On remarquera tout particulièrement l'analyse très fine de la place de l'enfant dans une société contemporaine complètement bouleversée par les mutations sociologiques (crise du mariage, accroissement des divorces ou du concubinage, multiplication des familles monoparentales et recomposées), ainsi que la plongée dans l'interprétation psycho-pathologique de la maltraitance.
Mais le plus rafraîchissant, peut-être, c'est l'interpellation des professionnels eux-mêmes. La maltraitance, ce n'est pas seulement la souffrance physique imposée à l'enfant ni les négligences graves ni les carences de soins ou d'affection ni encore les sévices psychologiques et moraux.

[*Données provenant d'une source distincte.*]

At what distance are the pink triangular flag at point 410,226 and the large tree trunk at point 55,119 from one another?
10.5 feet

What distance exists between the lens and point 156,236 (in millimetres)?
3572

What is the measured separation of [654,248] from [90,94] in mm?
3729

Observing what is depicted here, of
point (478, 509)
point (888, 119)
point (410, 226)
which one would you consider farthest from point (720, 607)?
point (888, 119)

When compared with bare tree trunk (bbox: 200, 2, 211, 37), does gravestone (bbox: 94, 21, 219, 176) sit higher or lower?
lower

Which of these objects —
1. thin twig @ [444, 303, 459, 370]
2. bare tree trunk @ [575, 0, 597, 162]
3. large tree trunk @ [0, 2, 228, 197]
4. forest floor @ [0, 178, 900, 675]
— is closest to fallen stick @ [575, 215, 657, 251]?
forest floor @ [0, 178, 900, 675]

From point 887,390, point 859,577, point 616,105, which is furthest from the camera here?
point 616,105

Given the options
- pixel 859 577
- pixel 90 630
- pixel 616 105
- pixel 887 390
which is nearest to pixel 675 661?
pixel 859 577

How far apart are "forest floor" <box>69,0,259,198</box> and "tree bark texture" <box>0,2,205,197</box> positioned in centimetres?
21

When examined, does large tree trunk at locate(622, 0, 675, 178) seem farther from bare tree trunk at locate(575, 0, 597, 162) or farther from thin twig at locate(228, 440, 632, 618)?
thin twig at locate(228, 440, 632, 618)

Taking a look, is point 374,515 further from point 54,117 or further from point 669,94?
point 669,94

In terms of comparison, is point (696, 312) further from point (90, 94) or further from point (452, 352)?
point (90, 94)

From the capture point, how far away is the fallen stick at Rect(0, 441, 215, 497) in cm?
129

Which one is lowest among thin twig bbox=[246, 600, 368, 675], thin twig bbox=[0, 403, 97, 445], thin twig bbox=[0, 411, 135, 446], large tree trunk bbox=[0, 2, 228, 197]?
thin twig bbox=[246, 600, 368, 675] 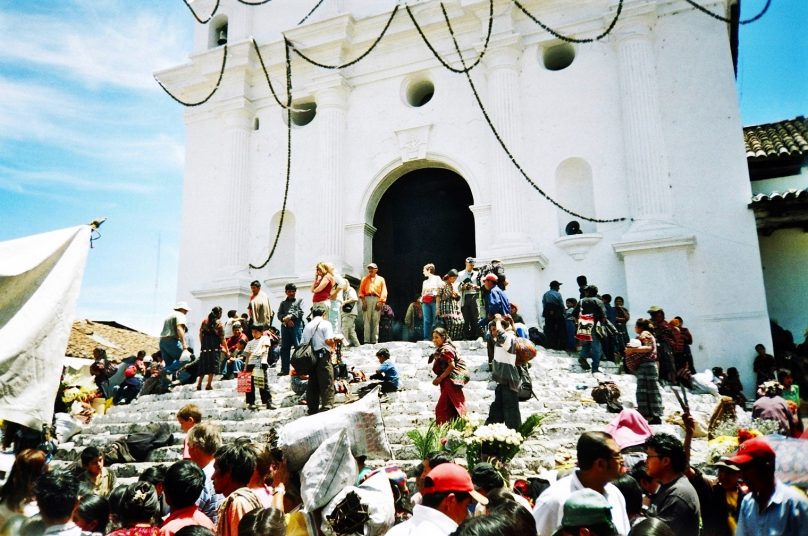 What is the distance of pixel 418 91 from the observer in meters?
16.4

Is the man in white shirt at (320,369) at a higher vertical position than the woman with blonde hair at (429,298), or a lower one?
lower

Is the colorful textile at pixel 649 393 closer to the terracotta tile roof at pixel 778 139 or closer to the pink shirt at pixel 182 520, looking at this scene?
the pink shirt at pixel 182 520

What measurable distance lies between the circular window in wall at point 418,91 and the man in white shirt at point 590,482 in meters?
13.7

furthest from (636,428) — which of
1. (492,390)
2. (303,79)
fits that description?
(303,79)

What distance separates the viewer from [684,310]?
12.2 metres

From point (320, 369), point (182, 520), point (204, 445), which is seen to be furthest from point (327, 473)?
point (320, 369)

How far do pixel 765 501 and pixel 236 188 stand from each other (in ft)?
51.3

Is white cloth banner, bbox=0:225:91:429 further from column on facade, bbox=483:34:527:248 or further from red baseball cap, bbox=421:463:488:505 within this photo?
column on facade, bbox=483:34:527:248

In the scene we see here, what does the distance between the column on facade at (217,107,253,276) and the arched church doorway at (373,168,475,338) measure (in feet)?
12.3

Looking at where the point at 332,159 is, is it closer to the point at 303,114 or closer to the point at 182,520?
the point at 303,114

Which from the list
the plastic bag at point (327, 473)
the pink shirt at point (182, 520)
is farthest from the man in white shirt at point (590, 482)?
the pink shirt at point (182, 520)

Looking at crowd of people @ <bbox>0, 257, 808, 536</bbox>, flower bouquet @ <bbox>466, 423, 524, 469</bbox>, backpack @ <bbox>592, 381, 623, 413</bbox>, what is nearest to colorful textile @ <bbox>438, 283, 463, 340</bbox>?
crowd of people @ <bbox>0, 257, 808, 536</bbox>

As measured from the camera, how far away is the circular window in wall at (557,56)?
15.0 metres

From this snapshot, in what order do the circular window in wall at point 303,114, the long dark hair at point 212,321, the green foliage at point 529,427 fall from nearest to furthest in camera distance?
the green foliage at point 529,427
the long dark hair at point 212,321
the circular window in wall at point 303,114
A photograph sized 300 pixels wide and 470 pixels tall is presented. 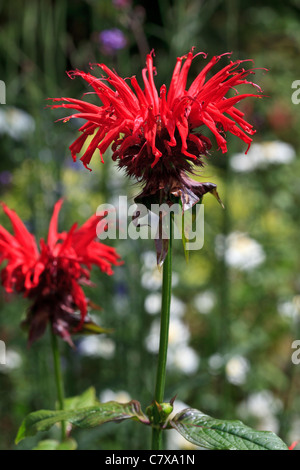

La maltraitance, ce peut être aussi ce que Tomkiewicz appelle "la violence en creux" quand une pédagogie peu adaptée, une évaluation trop rapidement réalisée, ou parfois la confusion entre des convictions idéologiques et ce qu'on prétend être l'intérêt de l'enfant, font décider de mesures inadéquates qui provoquent des conséquences graves et néfastes pour le présent et l'avenir de l'enfant.
Jadis, la séparation familiale était de règle et le placement était souvent brutal et peu préparé. Aujourd'hui, des décisions de retour prématuré dans la famille maltraitante peuvent être prises sans que le passage d'un excès à l'autre soit plus profitable à l'enfant !
Bien sur, les professionnels savent le plus souvent s'entourer de toutes les précautions nécessaires et d'avis compétents... et pourtant, nous connaissons tous des situations où de sombres motivations financières, administratives ou idéologiques sont à l'origine de décisions n’ayant que peu de rapport avec les besoins de l’enfant.